TASK DESCRIPTION ->
From the line holding "First, you're gonna" through the line holding "Here we are" below, write out every line exactly; include both of those lines and drop the pictures.

DATA FOR THIS EXERCISE Block Start

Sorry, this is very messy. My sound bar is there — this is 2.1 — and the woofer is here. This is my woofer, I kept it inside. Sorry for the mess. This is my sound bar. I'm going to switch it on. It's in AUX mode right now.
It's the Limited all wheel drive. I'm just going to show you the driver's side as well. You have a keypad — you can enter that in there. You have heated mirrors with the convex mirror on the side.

DATA FOR THIS EXERCISE Block End
DATA FOR THIS EXERCISE Block Start

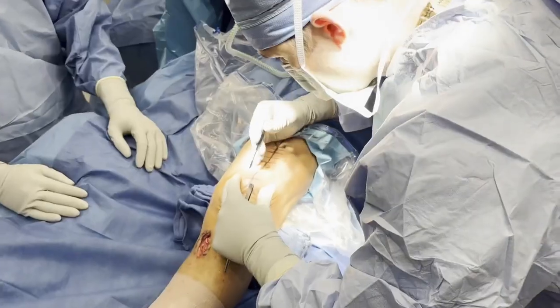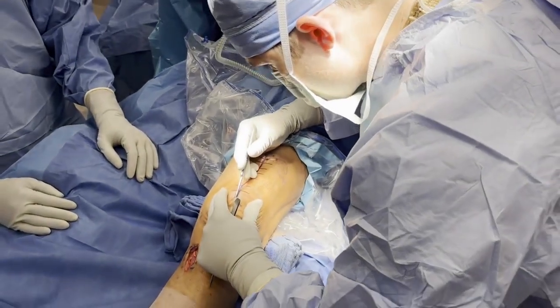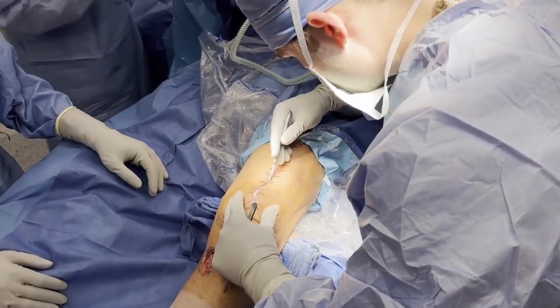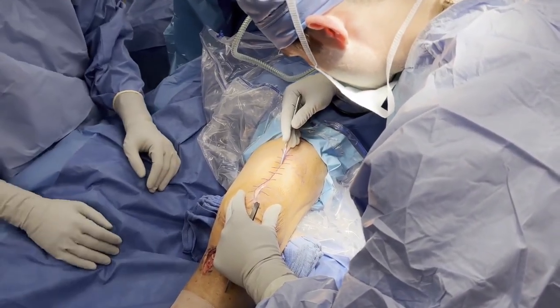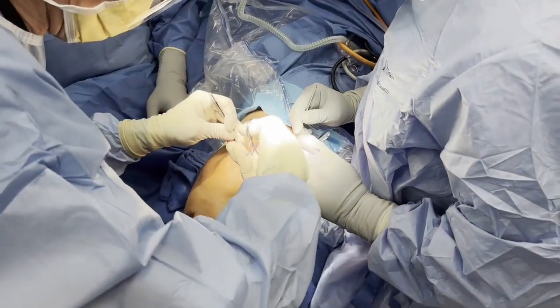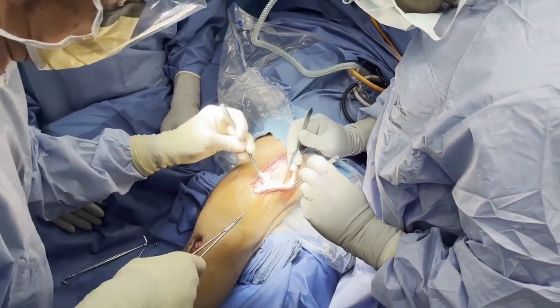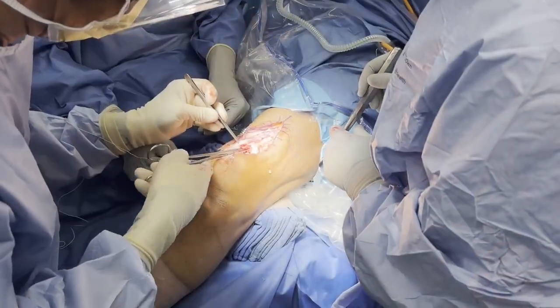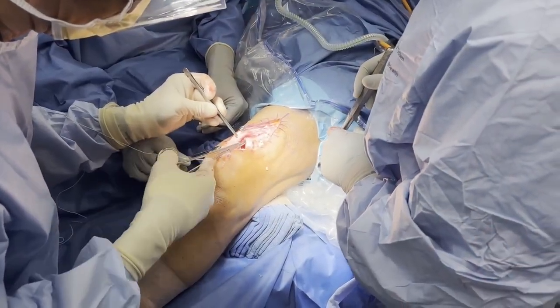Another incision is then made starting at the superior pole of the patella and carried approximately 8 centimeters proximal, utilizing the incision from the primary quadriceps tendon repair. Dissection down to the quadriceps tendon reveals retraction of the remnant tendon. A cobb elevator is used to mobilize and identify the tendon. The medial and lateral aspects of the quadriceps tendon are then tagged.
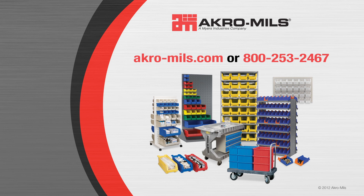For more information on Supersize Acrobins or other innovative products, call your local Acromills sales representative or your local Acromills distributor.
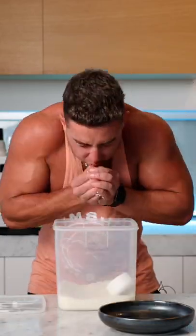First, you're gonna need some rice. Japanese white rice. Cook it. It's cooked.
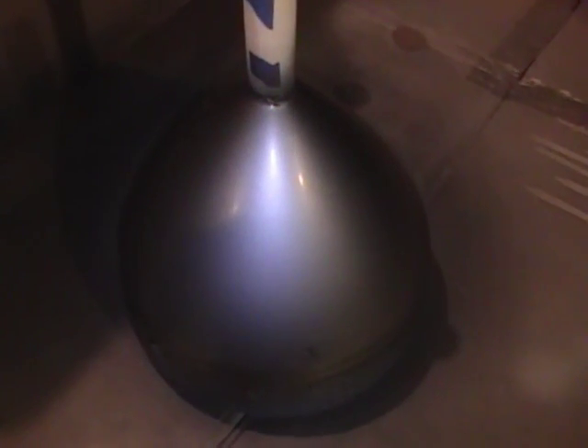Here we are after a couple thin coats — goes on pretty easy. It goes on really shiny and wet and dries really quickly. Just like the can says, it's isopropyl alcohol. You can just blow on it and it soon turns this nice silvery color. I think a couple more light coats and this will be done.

DATA FOR THIS EXERCISE Block End

REPLY ->
First, you're gonna need some rice. Japanese white rice. Cook it. It's cooked.
Here we are after a couple thin coats — goes on pretty easy. It goes on really shiny and wet and dries really quickly. Just like the can says, it's isopropyl alcohol. You can just blow on it and it soon turns this nice silvery color. I think a couple more light coats and this will be done.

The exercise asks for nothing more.